New Delhi, May 2, 2014: The Centre appears set to open a new war front with the BJP by making known its firm resolve of appointing a retired judge by May 16 to probe alleged snooping on a young woman architect at the behest of Gujarat Chief Minister Narendra Modi.
Home Minister Sushilkumar Shinde said the government would appoint a retired judge to probe the Snoopgate case and two other incidents before the results of the 16th Lok Sabha elections are declared on May 16. “The government would very soon appoint a retired judge.

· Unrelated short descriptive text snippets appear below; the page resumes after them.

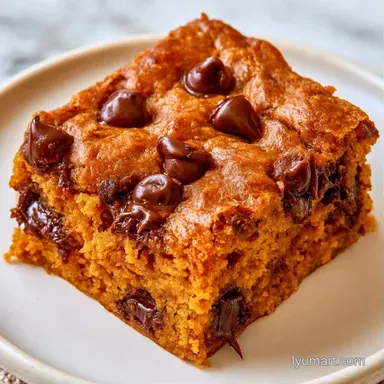 Pumpkin Chocolate Chip Cookie Bars: Chewy Recipe Card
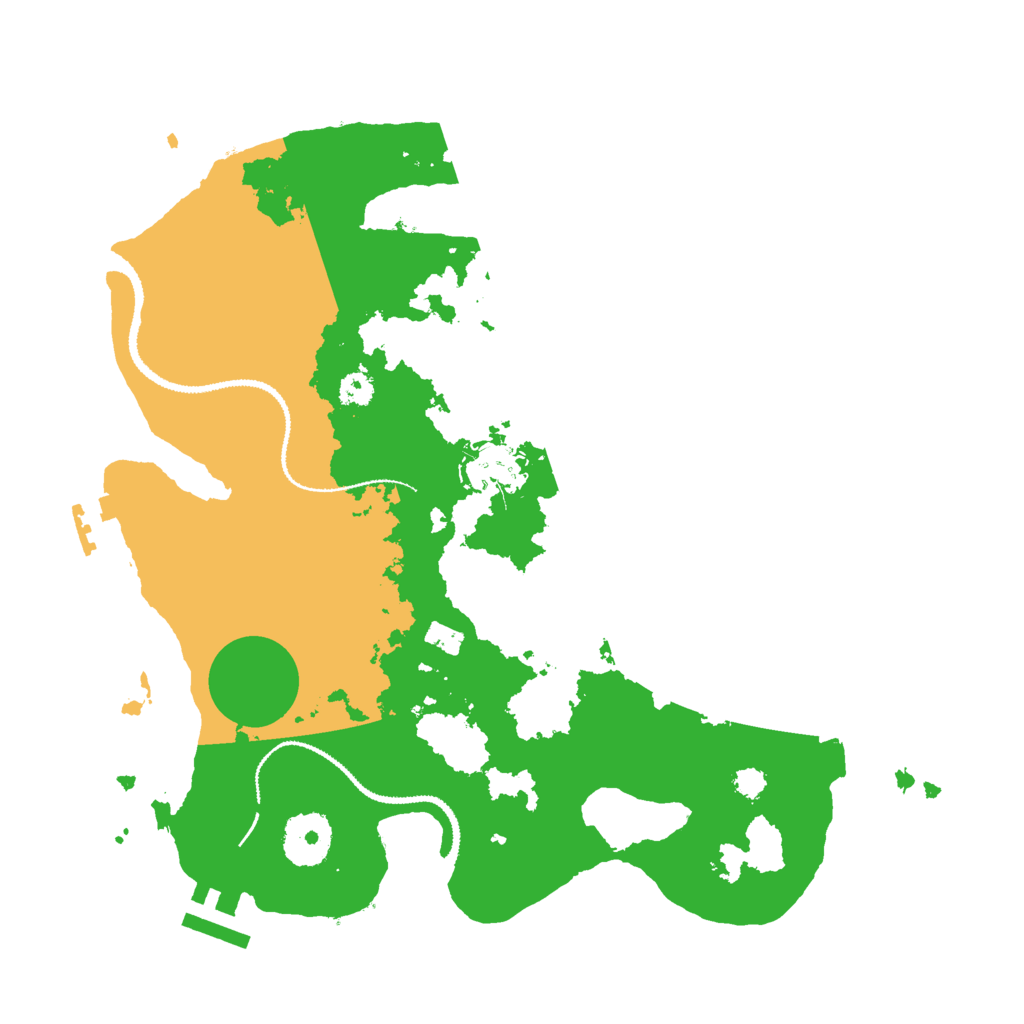 Biome Rust Map: Procedural Map, Size: 3000, Seed: 83622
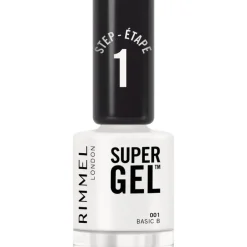 Rimmel London Super Gel Nailpolish 001 Basic B 12 ML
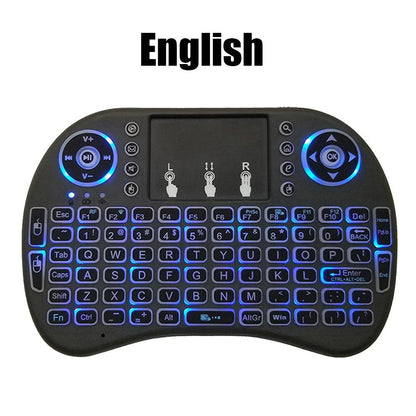 I8 Mini Wireless Keyboard 7 Color Backlit Air Mouse Remote
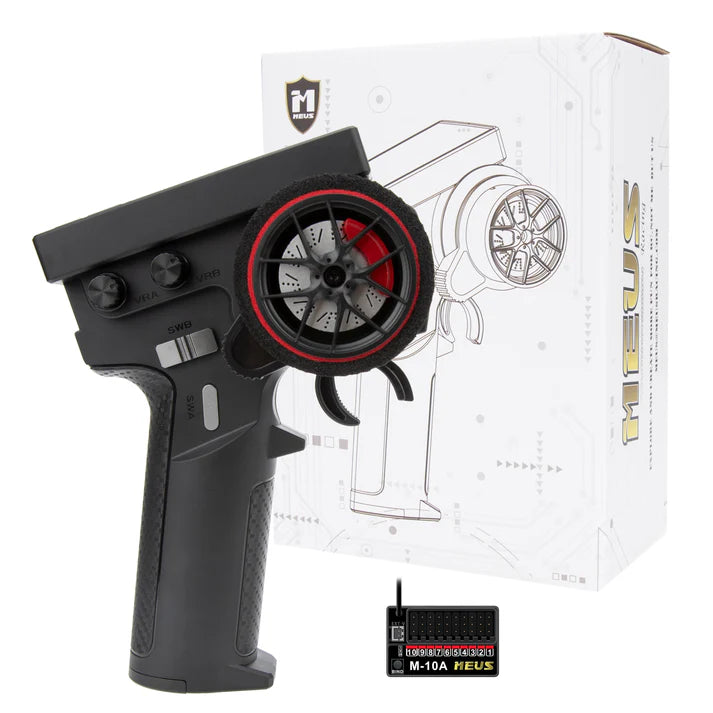 MEUS Racing ME-10B RC Transmitter 8CH 2.4GHz & Receiver with Coach Mode for 1/8 1/10 1/18 1/24 TRX4 TRX4M SCX10 SCX24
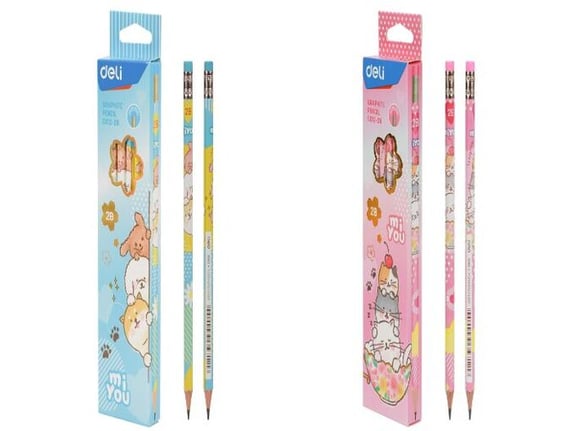 Deli Grafitne olovke 2B 12/1 EC012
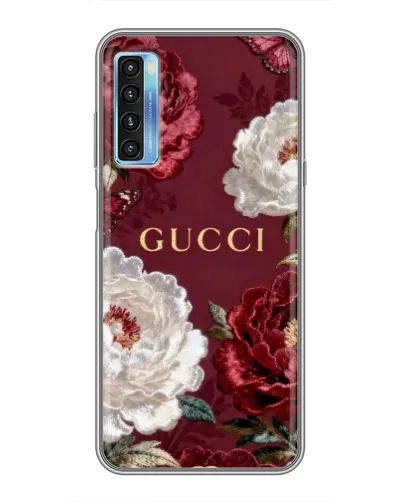 Чохол для TCL 20L з картинкою «Gucci — бордові троянди» Чохол для TCL 20L з картинкою «Gucci — бордові троянди»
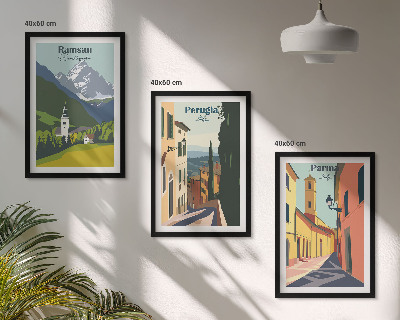 Zidna galerija Planinski krajolici i Italija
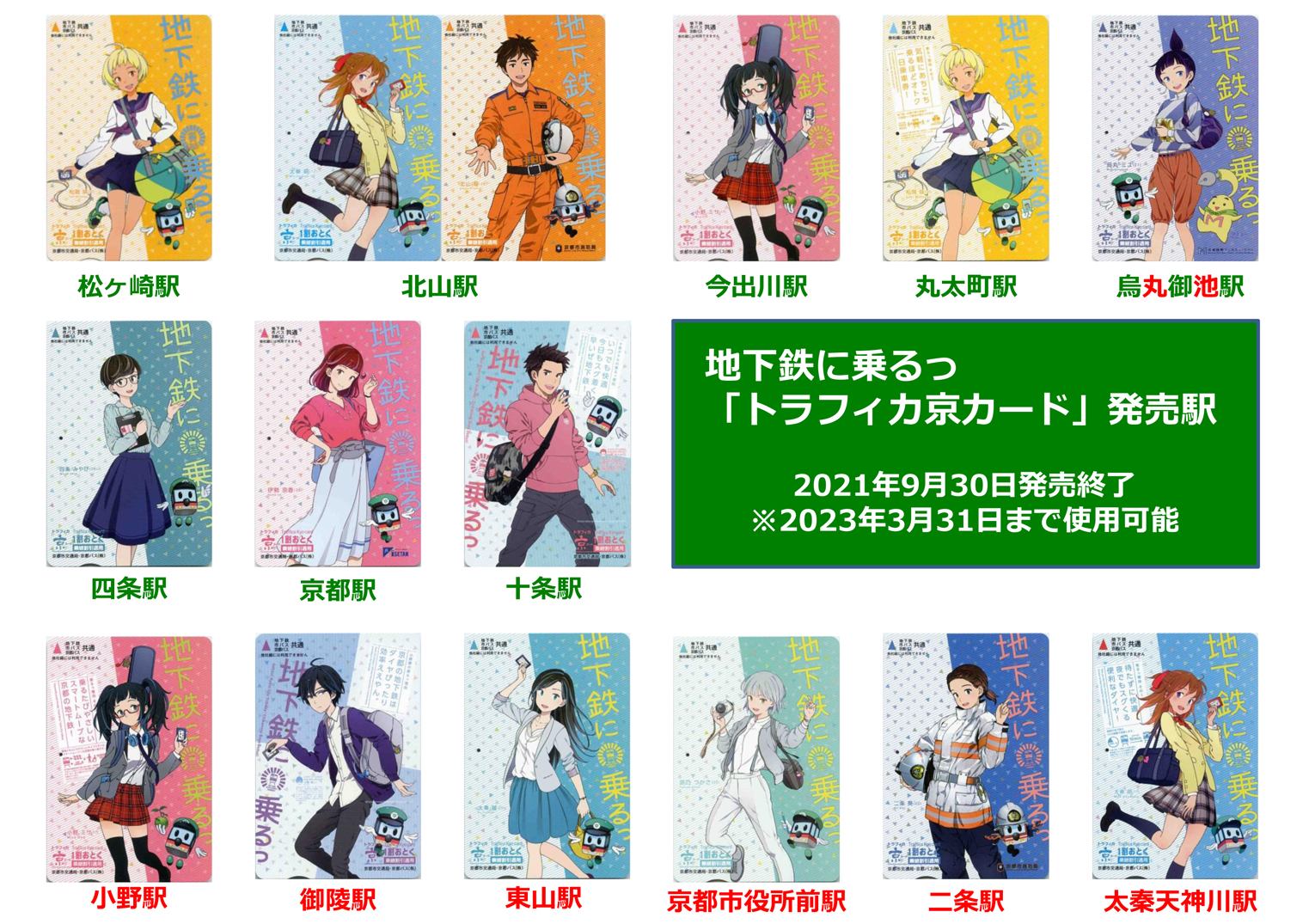 Manabu Inoue 京都新聞 財政危機の京都市 250万円かけ新キャラ作成 の記事 いろいろ意見があると思いますが 記事の 京乃つかさ さん含め 12人15種類が 地下鉄 市バス 京都バスで使える 磁気カードで販売中なので ぜひお求めください 9月末で販売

The Union Cabinet has taken a decision to appoint a judge on the snooping case … the matter is in process,” Shinde was quoted as saying in an agency report from Shimla.

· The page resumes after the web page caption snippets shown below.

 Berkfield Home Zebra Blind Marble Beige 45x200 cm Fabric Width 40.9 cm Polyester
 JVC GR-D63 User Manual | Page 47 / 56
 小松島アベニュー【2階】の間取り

The sudden aggressive push by the Centre to corner Modi has taken BJP leaders by surprise while the Congress seems to be relishing the opponent’s discomfiture.

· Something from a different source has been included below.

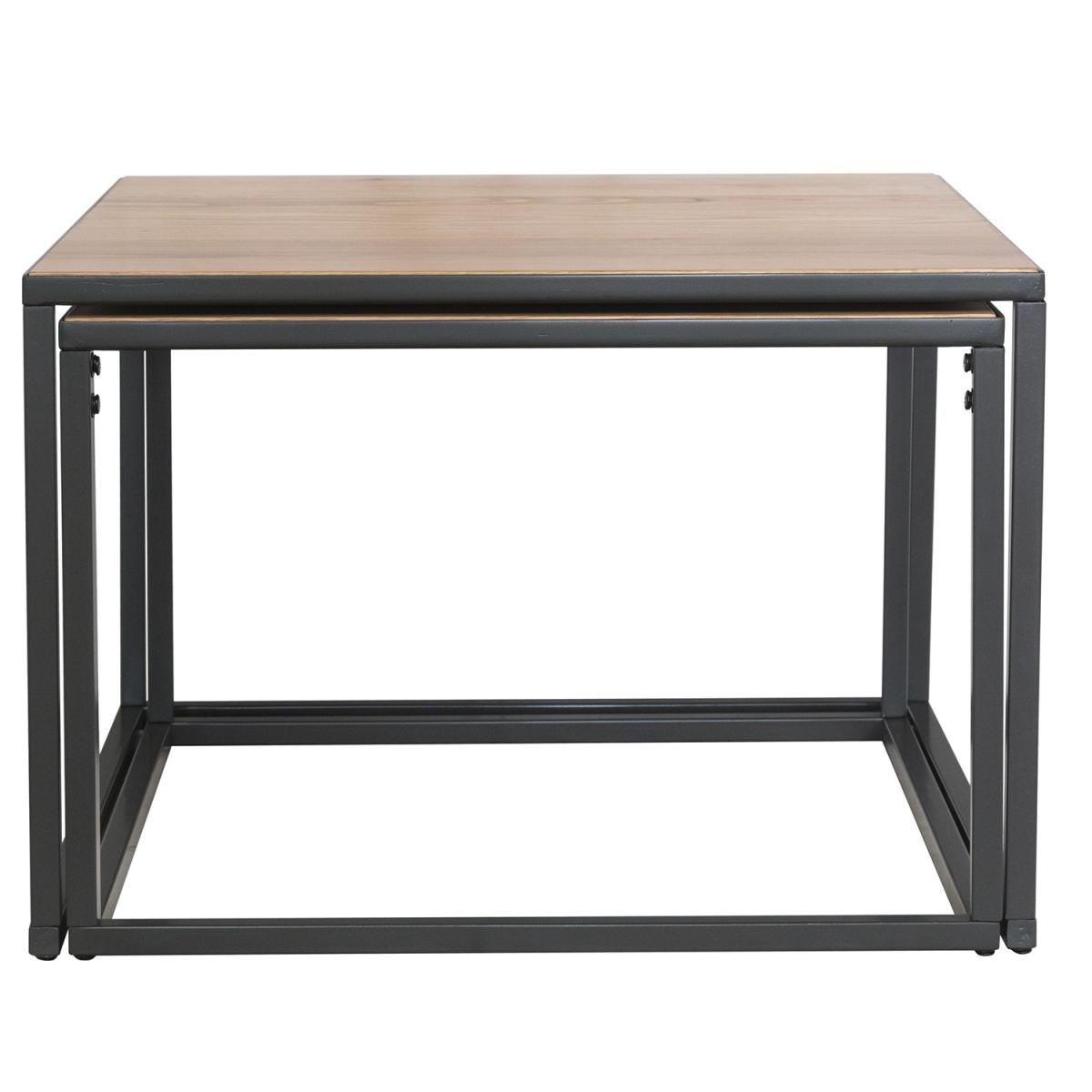 Boston Nest Of 2 Square Coffee Tables – image 3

“Once the commission is set up, there is no saving Narendra Modi, because there is documentary evidence of what he (Modi) has done and how he has snooped on the activities of a young girl,” Law Minister Kapil Sibal told reporters here on Friday.
Reacting to the move, senior BJP leader Arun Jaitley dubbed the Centre’s move as a “desperate act” and said that the future NDA regime would reserve the right to review any such “malicious” decision.
“They are trying desperately to get at least one judge to agree to head the Snoopgate commission. I doubt very much if any of these moves is likely to succeed. Even if it did, the future government would be well within its legitimate rights to review such a malafide last-minute decision of the UPA,” Jaitley told reporters.
In November last year, two web portals had claimed that Modi’s aide Amit Shah, as junior home minister in Gujarat, had in 2009 ordered the illegal surveillance on a young woman architect at the behest of “Saheb”. Congress leaders claim that the “Saheb” is none other than Modi. As the controversy gathered steam, the Gujarat government ordered an inquiry into the revelations by the two web portals.
However, the Centre was not ready to let Modi off the hook and decided to set up an inquiry under the Commissions of Inquiry Act. Since the Gujarat government had already ordered a probe into the incident, the Centre clubbed two other instances of snooping involving Virbhadra Singh allegedly at the behest of the then BJP government in Himachal Pradesh and the leaking of call data records of Jaitley to press for its own probe into the affair.
Congress spokesman Anand Sharma dubbed as “literally intimidating” the remarks made by Jaitley that he would be surprised if some judge would agree to “lend” himself to the Snoopgate inquiry. “This is, in fact, threatening or conveying a message that none should dare to get into this or inquire into it,” Sharma said.